**Exercise description**
Start to finish, return the listing below exactly, pictures excluded.

*** Information supplied Section Begins ***

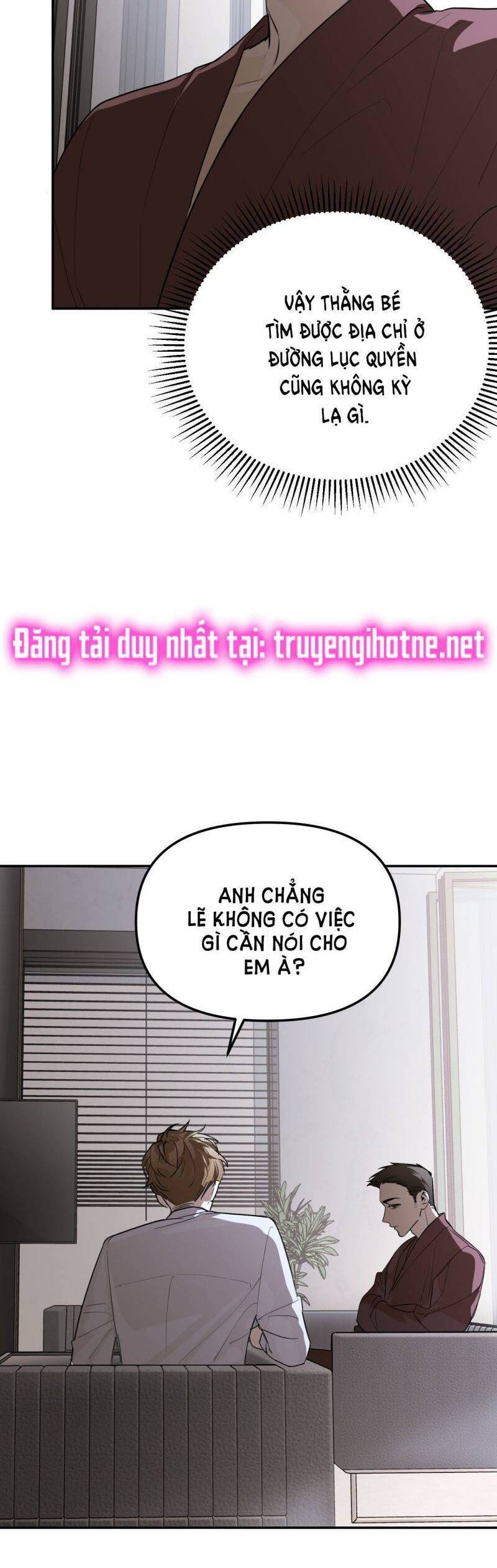 Ác Ma May Mắn Chapter 48 - Next Chapter 49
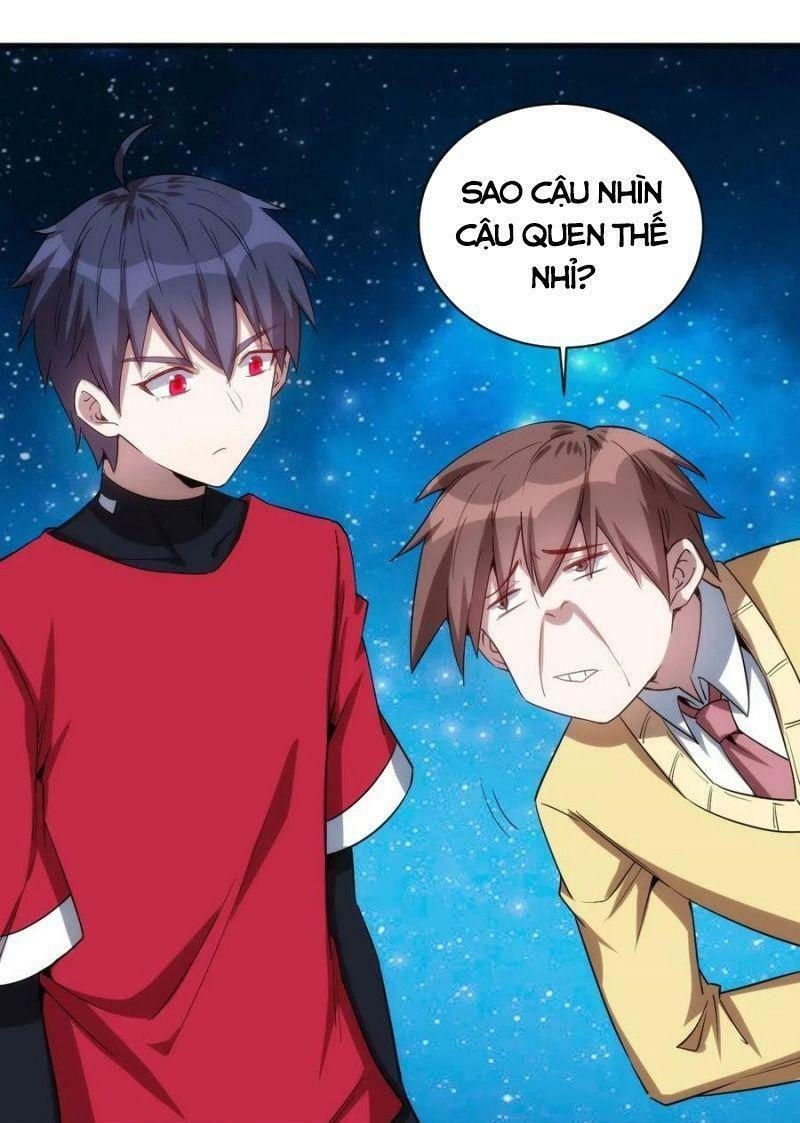 thánh đường chi thành chapter 49 26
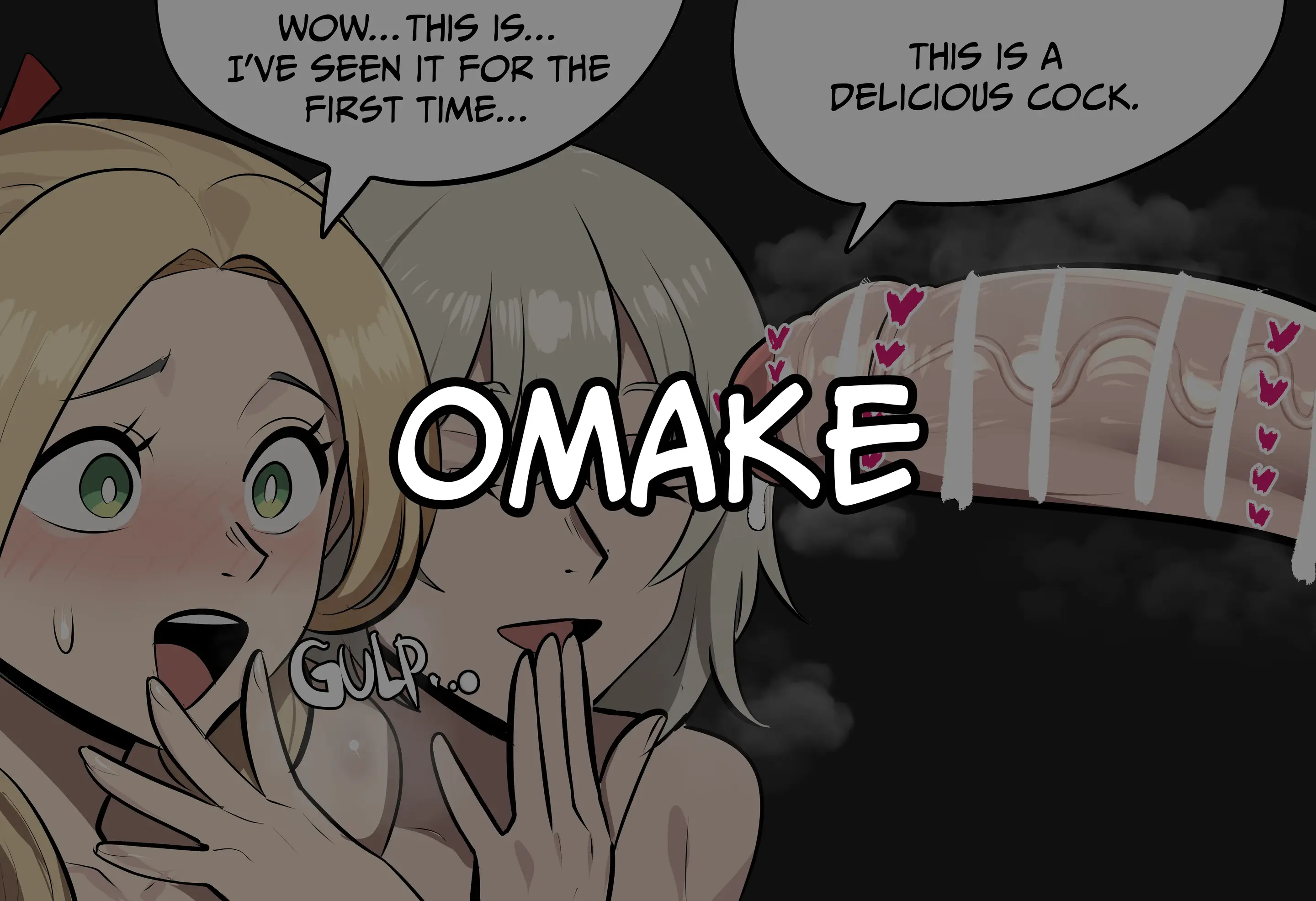 Mating Press Instinct porn comic picture 10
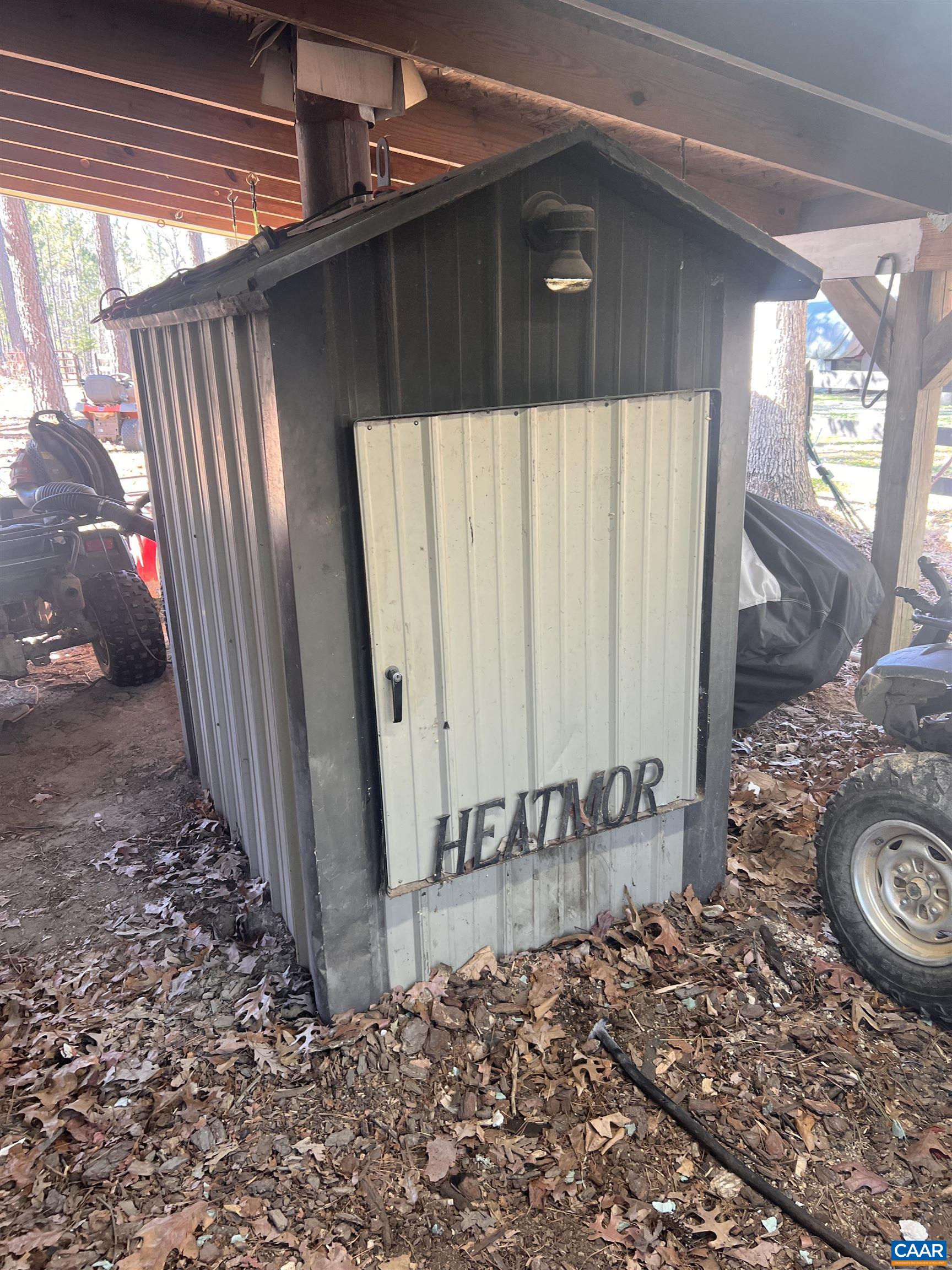 651 Kents Mill Road Louisa, VA 23093 - Photo 4 of 55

*** Information supplied Section Ends ***

**Answer below**
 Ác Ma May Mắn Chapter 48 - Next Chapter 49
 thánh đường chi thành chapter 49 26
 Mating Press Instinct porn comic picture 10
 651 Kents Mill Road Louisa, VA 23093 - Photo 4 of 55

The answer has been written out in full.